Many a caffeine-driven writer worries; they wonder how to best button-hole important sources, ask probing questions, capture local color and structure an article into pithy, compelling prose.
Yet, there’s something that is far too often overlooked in the quest for Pulitzer Prize perfection: If the headline fails to capture readers’ interest, the story will go unread.
The same is true of digital marketing copy. If your “headline” is not persuasive, your message will fail to help you forge closer relationships and attract the interest of potential clients. A “headline” can be that line of words above an article, or the introductory words that label a Web page. A “headline” can also be the subject line in an email message.
A headline acts as the bridge over the gap between the creation of a good story and the reading of it. It must offer the essence of a story, boiled down to fit into a limited space. The headline’s job has always been critical in print publications. It is arguably more critical in the message-crowded world of electronic customer communications.

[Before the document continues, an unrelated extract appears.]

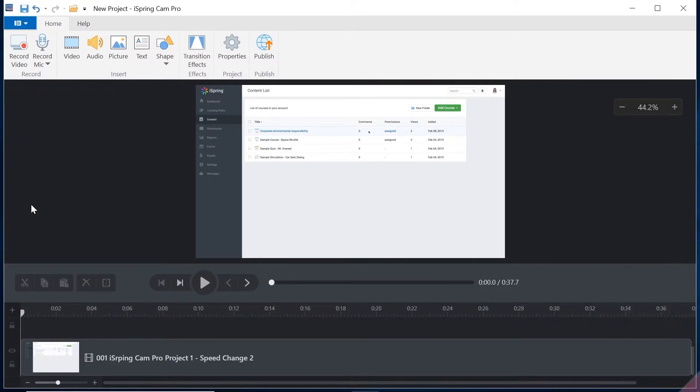Hi, and welcome to this tutorial on iSpring Cam Pro's awesome new video speed changing feature.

So, how do we make each headline into something that demands, screams or sweetly whispers “Read me” ?
Try three strategies:
Take a sweeping view of the copy, picking out key words. Weave the key words together in a meaningful way.
Read the article, close your eyes and write. Craft a single sentence summarizing the article. Use the main points of the sentence as the foundation for the headline.
Identify the so-called "Five Ws and the H" of journalism. Write the headline by including the "who" and the "what" of the story in the first line; the "how" and “why” in the second line. Decide to include the “when” and “where” if it is critical to the story’s meaning. Increasingly, the "why" has become an important element to emphasize. As we become inundated with information, a headline that clearly indicates how the viewer may benefit by reading an article is often the most successful.
Here are a few more words to the wise:
Keep it short and sweet, baby.
Omit unnecessary words.
Avoid repeating words. Avoid repeating words. (Unless, that is, you are doing it for special effect.)
Use a style that’s appropriate for the story (Be funny for a funny story. Be serious for a serious story)
Make it simple.
Make the words sing.
Include a subject and a verb.
Pick action verbs.
Make it clever.
Appeal to the emotions.
Perfecting the art of headline writing isn’t for everyone. If you aren't a masterful copywriter, tap a professional for the job. Your company’s words only take on value when you get your message in front of readers.